* [Material to process]:
====================

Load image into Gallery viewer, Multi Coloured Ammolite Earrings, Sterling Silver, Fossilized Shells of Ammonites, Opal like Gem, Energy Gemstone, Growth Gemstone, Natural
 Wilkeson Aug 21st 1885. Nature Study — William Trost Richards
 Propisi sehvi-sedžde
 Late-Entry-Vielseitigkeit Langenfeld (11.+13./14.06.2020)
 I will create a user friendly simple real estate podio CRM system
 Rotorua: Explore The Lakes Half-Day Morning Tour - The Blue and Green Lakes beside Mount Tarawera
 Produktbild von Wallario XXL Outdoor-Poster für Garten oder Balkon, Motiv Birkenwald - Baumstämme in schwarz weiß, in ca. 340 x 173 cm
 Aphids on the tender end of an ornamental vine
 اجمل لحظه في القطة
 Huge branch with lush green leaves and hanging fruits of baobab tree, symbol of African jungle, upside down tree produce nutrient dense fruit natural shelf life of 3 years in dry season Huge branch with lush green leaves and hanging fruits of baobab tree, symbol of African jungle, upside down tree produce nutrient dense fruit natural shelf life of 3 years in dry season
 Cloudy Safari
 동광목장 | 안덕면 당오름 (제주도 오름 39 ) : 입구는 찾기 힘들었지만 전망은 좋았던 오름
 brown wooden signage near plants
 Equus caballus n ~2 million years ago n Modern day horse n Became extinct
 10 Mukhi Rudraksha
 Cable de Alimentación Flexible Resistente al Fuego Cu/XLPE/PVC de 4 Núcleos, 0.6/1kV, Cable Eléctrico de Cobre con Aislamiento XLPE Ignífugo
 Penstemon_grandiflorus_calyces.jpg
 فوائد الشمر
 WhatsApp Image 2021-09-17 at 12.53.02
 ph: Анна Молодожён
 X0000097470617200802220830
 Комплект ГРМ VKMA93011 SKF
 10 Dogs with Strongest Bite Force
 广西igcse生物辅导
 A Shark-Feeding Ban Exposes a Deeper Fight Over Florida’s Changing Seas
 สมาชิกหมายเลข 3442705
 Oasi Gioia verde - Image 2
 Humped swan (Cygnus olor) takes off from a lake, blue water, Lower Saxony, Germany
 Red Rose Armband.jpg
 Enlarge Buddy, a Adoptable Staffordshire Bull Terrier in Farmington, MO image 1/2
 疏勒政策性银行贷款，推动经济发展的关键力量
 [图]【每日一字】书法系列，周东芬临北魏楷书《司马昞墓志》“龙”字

====================

* [Description of the task]:
Quote the entire listing above exactly.

* [Answer to this problem]:
Load image into Gallery viewer, Multi Coloured Ammolite Earrings, Sterling Silver, Fossilized Shells of Ammonites, Opal like Gem, Energy Gemstone, Growth Gemstone, Natural
 Wilkeson Aug 21st 1885. Nature Study — William Trost Richards
 Propisi sehvi-sedžde
 Late-Entry-Vielseitigkeit Langenfeld (11.+13./14.06.2020)
 I will create a user friendly simple real estate podio CRM system
 Rotorua: Explore The Lakes Half-Day Morning Tour - The Blue and Green Lakes beside Mount Tarawera
 Produktbild von Wallario XXL Outdoor-Poster für Garten oder Balkon, Motiv Birkenwald - Baumstämme in schwarz weiß, in ca. 340 x 173 cm
 Aphids on the tender end of an ornamental vine
 اجمل لحظه في القطة
 Huge branch with lush green leaves and hanging fruits of baobab tree, symbol of African jungle, upside down tree produce nutrient dense fruit natural shelf life of 3 years in dry season Huge branch with lush green leaves and hanging fruits of baobab tree, symbol of African jungle, upside down tree produce nutrient dense fruit natural shelf life of 3 years in dry season
 Cloudy Safari
 동광목장 | 안덕면 당오름 (제주도 오름 39 ) : 입구는 찾기 힘들었지만 전망은 좋았던 오름
 brown wooden signage near plants
 Equus caballus n ~2 million years ago n Modern day horse n Became extinct
 10 Mukhi Rudraksha
 Cable de Alimentación Flexible Resistente al Fuego Cu/XLPE/PVC de 4 Núcleos, 0.6/1kV, Cable Eléctrico de Cobre con Aislamiento XLPE Ignífugo
 Penstemon_grandiflorus_calyces.jpg
 فوائد الشمر
 WhatsApp Image 2021-09-17 at 12.53.02
 ph: Анна Молодожён
 X0000097470617200802220830
 Комплект ГРМ VKMA93011 SKF
 10 Dogs with Strongest Bite Force
 广西igcse生物辅导
 A Shark-Feeding Ban Exposes a Deeper Fight Over Florida’s Changing Seas
 สมาชิกหมายเลข 3442705
 Oasi Gioia verde - Image 2
 Humped swan (Cygnus olor) takes off from a lake, blue water, Lower Saxony, Germany
 Red Rose Armband.jpg
 Enlarge Buddy, a Adoptable Staffordshire Bull Terrier in Farmington, MO image 1/2
 疏勒政策性银行贷款，推动经济发展的关键力量
 [图]【每日一字】书法系列，周东芬临北魏楷书《司马昞墓志》“龙”字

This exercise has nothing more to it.